WHAT IS BEING ASKED >> Print the lines below from the line with "Gustavsberg Nautic PP" to the line with "ZP6 pour Speed" exactly, keeping both ends, and print no pictures.

#### SUPPLIED MATERIAL ####

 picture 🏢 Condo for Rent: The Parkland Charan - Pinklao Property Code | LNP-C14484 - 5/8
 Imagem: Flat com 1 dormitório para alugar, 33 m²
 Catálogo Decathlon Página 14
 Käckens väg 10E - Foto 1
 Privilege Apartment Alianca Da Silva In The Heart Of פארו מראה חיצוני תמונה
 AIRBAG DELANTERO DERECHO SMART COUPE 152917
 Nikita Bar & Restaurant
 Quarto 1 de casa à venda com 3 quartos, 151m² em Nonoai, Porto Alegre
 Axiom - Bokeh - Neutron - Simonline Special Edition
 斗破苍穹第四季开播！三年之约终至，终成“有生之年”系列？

####
#### SUPPLIED MATERIAL ####

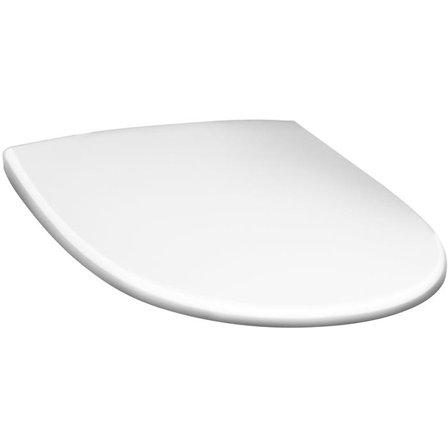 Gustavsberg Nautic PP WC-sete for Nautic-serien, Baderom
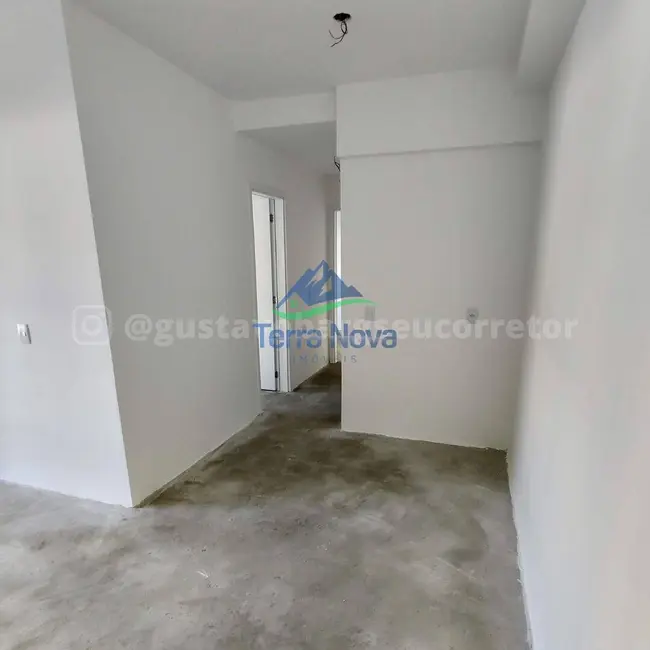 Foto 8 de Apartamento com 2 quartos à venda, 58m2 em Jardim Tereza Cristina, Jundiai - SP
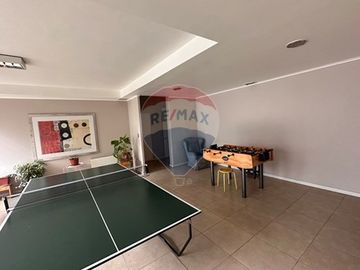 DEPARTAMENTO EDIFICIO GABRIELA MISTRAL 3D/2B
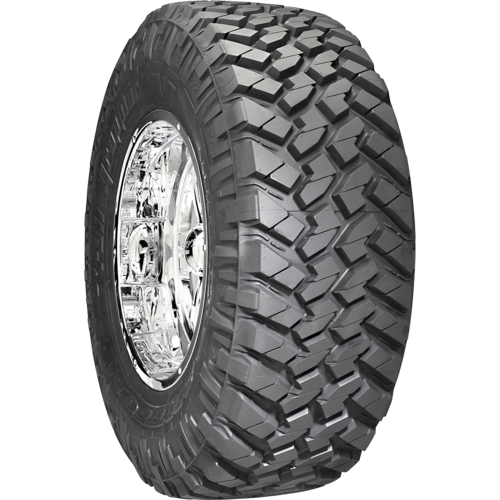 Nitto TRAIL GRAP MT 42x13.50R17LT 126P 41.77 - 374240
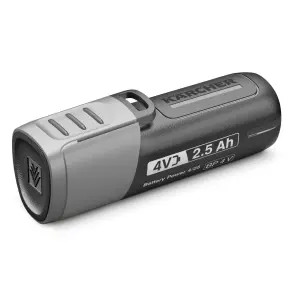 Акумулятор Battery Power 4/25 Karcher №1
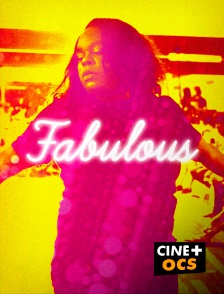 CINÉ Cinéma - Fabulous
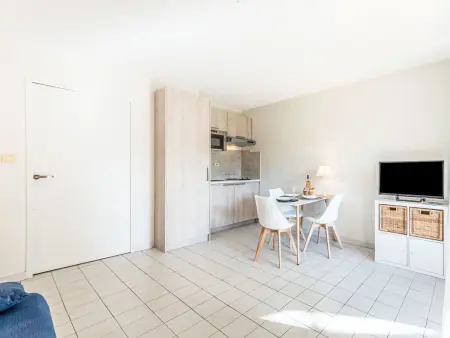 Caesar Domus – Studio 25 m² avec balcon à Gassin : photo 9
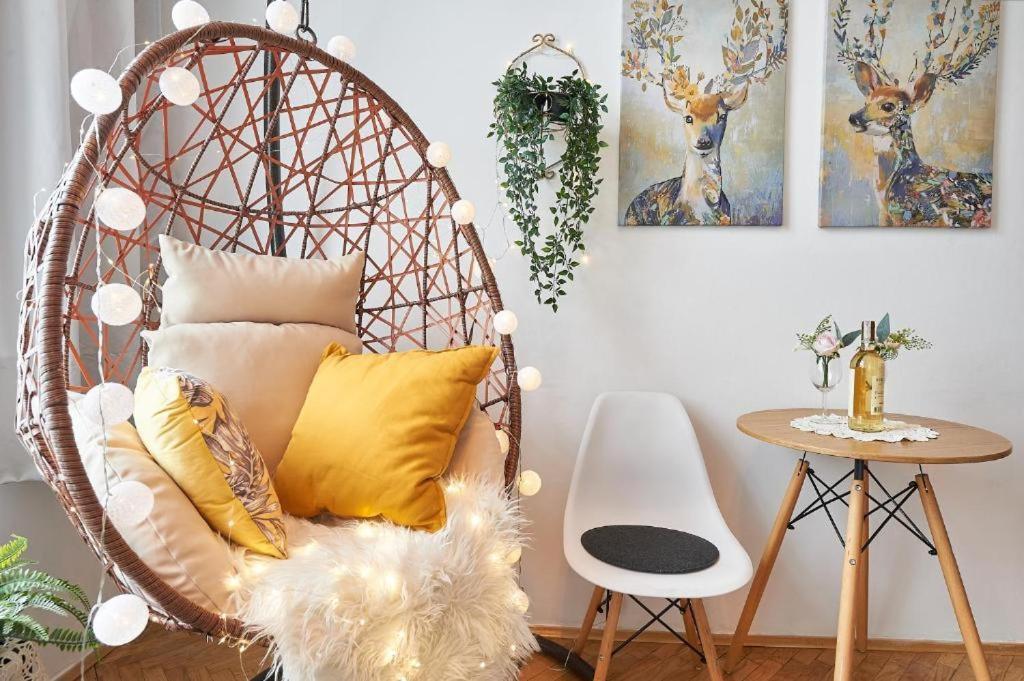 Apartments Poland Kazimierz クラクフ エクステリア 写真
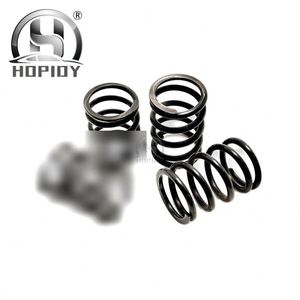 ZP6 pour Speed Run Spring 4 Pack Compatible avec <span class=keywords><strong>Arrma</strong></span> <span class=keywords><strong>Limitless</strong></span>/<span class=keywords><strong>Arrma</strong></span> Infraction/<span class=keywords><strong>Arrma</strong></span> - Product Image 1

####

RESPONSE >>
 Gustavsberg Nautic PP WC-sete for Nautic-serien, Baderom
 Foto 8 de Apartamento com 2 quartos à venda, 58m2 em Jardim Tereza Cristina, Jundiai - SP
 DEPARTAMENTO EDIFICIO GABRIELA MISTRAL 3D/2B
 Nitto TRAIL GRAP MT 42x13.50R17LT 126P 41.77 - 374240
 Акумулятор Battery Power 4/25 Karcher №1
 CINÉ Cinéma - Fabulous
 Caesar Domus – Studio 25 m² avec balcon à Gassin : photo 9
 Apartments Poland Kazimierz クラクフ エクステリア 写真
 ZP6 pour Speed Run Spring 4 Pack Compatible avec <span class=keywords><strong>Arrma</strong></span> <span class=keywords><strong>Limitless</strong></span>/<span class=keywords><strong>Arrma</strong></span> Infraction/<span class=keywords><strong>Arrma</strong></span> - Product Image 1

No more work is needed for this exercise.